Show HN: Docfd: TUI multiline fuzzy document finder

nico · 2024-04-02T12:32:06 1712061126

This looks great! Thank you for putting it up on GitHub and sharing

Have you tried it with log files? It would be great to have this kind of search when hunting things down on multiple large log files in a server

darrenldl · 2024-04-02T21:07:18 1712092038

> This looks great! Thank you for putting it up on GitHub and sharing

Thank you!

> Have you tried it with log files? It would be great to have this kind of search when hunting things down on multiple large log files in a server

That is an interesting suggestion, and I can see the myself wanting to use Docfd search engine even for line oriented input.

Just to make sure I didn't misunderstand, log files in your context mean things that have one entry per line, and no point in searching across lines, correct?

nico · 2024-04-02T21:17:18 1712092638

I guess it depends on what I’m looking for

But usually yes, most of the times the search case is:

* I have an id/uuid or some text or a piece of some id/text

* there are multiple log files, each for a different process/daemon/app which handle different parts of a workflow

* I have to grep each log file individually and then piece things together to figure out how the workflow went for some usage/user

Usually there is a lot of back-and-forth between the log files and the grep commands to find the info I need, especially if what I’m looking for is not an id/uuid

darrenldl · 2024-04-02T21:38:13 1712093893

I see. Docfd right now should be fine for the id/uuid part, but the "piece of text" can be problematic as right now there is no way to ask Docfd to constrain search to line level.

I'll add a --line-oriented-exts command line argument that defaults to "log", so searching anything *.log will not be cross line boundaries.

Are there other file extensions you're dealing with?

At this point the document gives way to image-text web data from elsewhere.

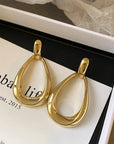 Dangle Hoop Silver Earrings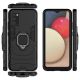 5. Ring Armor Tough Hybrid Case Cover + Magnethalterung für Samsung Galaxy A03s (166,5) schwarz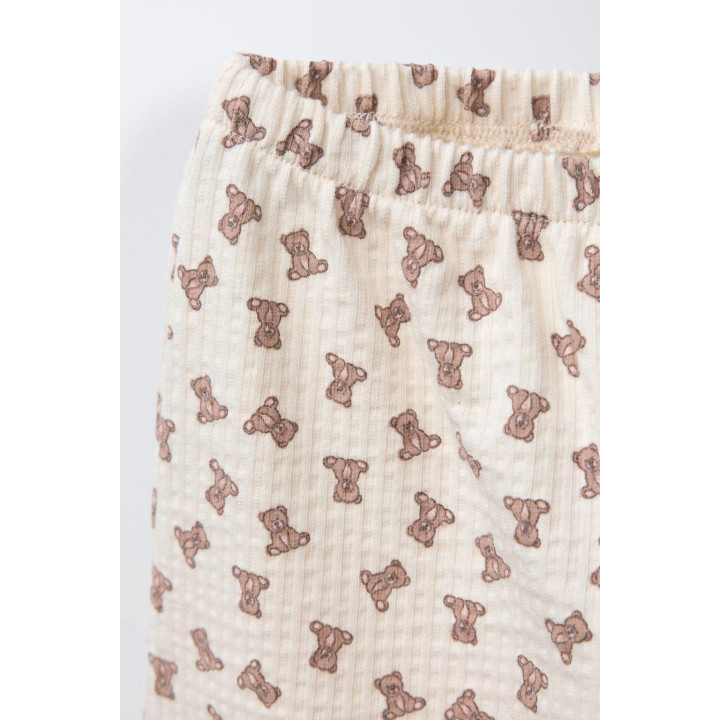 Брюки с медвежонком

nico · 2024-04-02T22:04:56 1712095496

Usually only .log files, although sometimes the log files might not have an extension and just be in a logs/ folder and the file name might be something like a date+name of service that writes the log

darrenldl · 2024-04-02T22:33:55 1712097235

Gotcha. In the latter case, would file globbing through bash/whatever suffice? Been trying to avoid opening more cans of worms than I need, but if I really do need to add file globbing then oh well : v

EDIT: Scratch that, I'll just add file globbing since I'm that close to covering most use cases anyway.

nico · 2024-04-03T00:41:13 1712104873

Amazing! Love the motivation!

darrenldl · 2024-04-04T14:42:13 1712241733

Just added file globbing and single line search mode, will make a new release when I've added some tests and have used it myself for a week or so.

nico · 2024-04-05T19:57:22 1712347042

Impressive! So cool

mutant · 2024-04-02T14:08:29 1712066909

Is interactive mode the value-ad over ripgrep and ripgrep-all?

I accomplish similar with ripgrep and fzf.

darrenldl · 2024-04-02T20:55:25 1712091325

> Is interactive mode the value-ad over ripgrep and ripgrep-all?

Partly, yes. Though if that's the only part then ugrep would largely have sufficed for me somewhat.

The other part is that the search algorithm of Docfd is very different that of fzf or ripgrep, and some searches are easier in Docfd than the two.

For instance, "(recursive function | recursion)" will match phrases like "function ... is recursive" that might be split into more than one line, but accomplishing that in ripgrep and fzf will take a lot more elbow grease, especially when the search expression gets bigger.

dmos62 · 2024-04-02T15:55:27 1712073327

Wouldn't you struggle to search over docx and pdfs with ripgrep?

darrenldl · 2024-04-02T21:15:37 1712092537

I will add ripgrep-all is great for that purpose (and you can also search inside archives with it if I recall correctly).

adr1an · 2024-04-02T14:24:26 1712067866

Are you writing temporary files to temp or /dev/shm ? I would hate it otherwise. Of course, others my prefer to have RAM used by other processes...

darrenldl · 2024-04-02T21:03:05 1712091785

Depends on how "temporary" we're talking.

Index caches are written to $XDG_CACHE_HOME/docfd if XDG_CACHE_HOME is defined, otherwise written to .cache/docfd (in current working directory). Docfd handles LRU eviction of cached indices for you here.

Piped stdin are stored in /tmp since that's what was handed to me when using the temp file API. I normally think that if the piped stdin are too much to be stored in RAM, then it probably should be saved into a place first anyway. But I am happy to discuss your use case and see if Docfd should be adjusted.

dvfjsdhgfv · 2024-04-02T15:47:27 1712072847

Great work! How to test it out quickly on Windows?

darrenldl · 2024-04-02T21:11:11 1712092271

Thank you! Unfortunately the quickest way to test it on Windows right now is WSL, which is also how I use it on Windows.

I have not spent much time into figuring out how to make Windows builds via GitHub CI, and have not spent time investigating how the PDF viewer, Word invocation code etc behave in Windows.